*PROBLEM DESCRIPTION*
Using the entries below, output each line exactly from the first through the one that contains "Schermo per privacy".

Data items
- - - -

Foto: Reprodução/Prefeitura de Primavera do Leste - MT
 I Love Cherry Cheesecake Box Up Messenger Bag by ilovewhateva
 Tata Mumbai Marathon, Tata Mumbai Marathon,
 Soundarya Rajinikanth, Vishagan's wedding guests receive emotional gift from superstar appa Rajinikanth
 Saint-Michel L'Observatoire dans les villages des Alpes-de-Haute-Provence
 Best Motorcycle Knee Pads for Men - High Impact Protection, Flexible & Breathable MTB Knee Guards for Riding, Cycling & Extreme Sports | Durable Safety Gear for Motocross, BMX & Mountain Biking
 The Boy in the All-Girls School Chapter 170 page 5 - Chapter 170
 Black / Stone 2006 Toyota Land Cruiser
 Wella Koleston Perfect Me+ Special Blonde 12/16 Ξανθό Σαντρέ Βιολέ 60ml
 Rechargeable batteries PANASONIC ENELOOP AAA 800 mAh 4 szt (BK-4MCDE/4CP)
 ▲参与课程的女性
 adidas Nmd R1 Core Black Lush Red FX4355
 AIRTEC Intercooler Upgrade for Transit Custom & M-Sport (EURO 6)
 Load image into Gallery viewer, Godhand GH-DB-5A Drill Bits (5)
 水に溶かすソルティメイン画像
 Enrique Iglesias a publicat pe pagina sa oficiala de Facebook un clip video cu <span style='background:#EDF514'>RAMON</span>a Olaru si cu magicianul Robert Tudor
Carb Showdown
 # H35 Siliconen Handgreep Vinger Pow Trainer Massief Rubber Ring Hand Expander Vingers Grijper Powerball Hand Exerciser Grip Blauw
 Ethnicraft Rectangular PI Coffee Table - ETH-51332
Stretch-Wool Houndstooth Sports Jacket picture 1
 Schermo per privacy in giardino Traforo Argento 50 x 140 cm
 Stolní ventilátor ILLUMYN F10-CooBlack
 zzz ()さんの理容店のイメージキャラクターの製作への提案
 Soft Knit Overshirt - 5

- - - -

*TASK RESULT*
Foto: Reprodução/Prefeitura de Primavera do Leste - MT
 I Love Cherry Cheesecake Box Up Messenger Bag by ilovewhateva
 Tata Mumbai Marathon, Tata Mumbai Marathon,
 Soundarya Rajinikanth, Vishagan's wedding guests receive emotional gift from superstar appa Rajinikanth
 Saint-Michel L'Observatoire dans les villages des Alpes-de-Haute-Provence
 Best Motorcycle Knee Pads for Men - High Impact Protection, Flexible & Breathable MTB Knee Guards for Riding, Cycling & Extreme Sports | Durable Safety Gear for Motocross, BMX & Mountain Biking
 The Boy in the All-Girls School Chapter 170 page 5 - Chapter 170
 Black / Stone 2006 Toyota Land Cruiser
 Wella Koleston Perfect Me+ Special Blonde 12/16 Ξανθό Σαντρέ Βιολέ 60ml
 Rechargeable batteries PANASONIC ENELOOP AAA 800 mAh 4 szt (BK-4MCDE/4CP)
 ▲参与课程的女性
 adidas Nmd R1 Core Black Lush Red FX4355
 AIRTEC Intercooler Upgrade for Transit Custom & M-Sport (EURO 6)
 Load image into Gallery viewer, Godhand GH-DB-5A Drill Bits (5)
 水に溶かすソルティメイン画像
 Enrique Iglesias a publicat pe pagina sa oficiala de Facebook un clip video cu <span style='background:#EDF514'>RAMON</span>a Olaru si cu magicianul Robert Tudor
Carb Showdown
 # H35 Siliconen Handgreep Vinger Pow Trainer Massief Rubber Ring Hand Expander Vingers Grijper Powerball Hand Exerciser Grip Blauw
 Ethnicraft Rectangular PI Coffee Table - ETH-51332
Stretch-Wool Houndstooth Sports Jacket picture 1
 Schermo per privacy in giardino Traforo Argento 50 x 140 cm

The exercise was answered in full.